+++ Data
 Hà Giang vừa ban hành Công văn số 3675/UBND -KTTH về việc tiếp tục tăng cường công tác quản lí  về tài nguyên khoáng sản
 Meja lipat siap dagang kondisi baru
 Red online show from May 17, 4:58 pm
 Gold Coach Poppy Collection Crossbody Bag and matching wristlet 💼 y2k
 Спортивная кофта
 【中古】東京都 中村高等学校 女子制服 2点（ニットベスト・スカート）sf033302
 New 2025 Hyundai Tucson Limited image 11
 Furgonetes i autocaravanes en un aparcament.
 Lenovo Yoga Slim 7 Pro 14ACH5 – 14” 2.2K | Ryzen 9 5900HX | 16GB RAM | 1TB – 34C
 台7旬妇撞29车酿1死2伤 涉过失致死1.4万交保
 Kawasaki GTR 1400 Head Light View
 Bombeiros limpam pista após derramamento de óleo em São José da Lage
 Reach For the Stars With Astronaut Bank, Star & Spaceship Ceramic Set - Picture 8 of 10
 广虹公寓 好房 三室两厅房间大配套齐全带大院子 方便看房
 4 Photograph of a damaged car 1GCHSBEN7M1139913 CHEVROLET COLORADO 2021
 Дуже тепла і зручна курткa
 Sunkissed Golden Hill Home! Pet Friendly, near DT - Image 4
++++++
- _Problem to work on_:
Each line above must be printed exactly as it appears.

- _Answer space_:
 Hà Giang vừa ban hành Công văn số 3675/UBND -KTTH về việc tiếp tục tăng cường công tác quản lí  về tài nguyên khoáng sản
 Meja lipat siap dagang kondisi baru
 Red online show from May 17, 4:58 pm
 Gold Coach Poppy Collection Crossbody Bag and matching wristlet 💼 y2k
 Спортивная кофта
 【中古】東京都 中村高等学校 女子制服 2点（ニットベスト・スカート）sf033302
 New 2025 Hyundai Tucson Limited image 11
 Furgonetes i autocaravanes en un aparcament.
 Lenovo Yoga Slim 7 Pro 14ACH5 – 14” 2.2K | Ryzen 9 5900HX | 16GB RAM | 1TB – 34C
 台7旬妇撞29车酿1死2伤 涉过失致死1.4万交保
 Kawasaki GTR 1400 Head Light View
 Bombeiros limpam pista após derramamento de óleo em São José da Lage
 Reach For the Stars With Astronaut Bank, Star & Spaceship Ceramic Set - Picture 8 of 10
 广虹公寓 好房 三室两厅房间大配套齐全带大院子 方便看房
 4 Photograph of a damaged car 1GCHSBEN7M1139913 CHEVROLET COLORADO 2021
 Дуже тепла і зручна курткa
 Sunkissed Golden Hill Home! Pet Friendly, near DT - Image 4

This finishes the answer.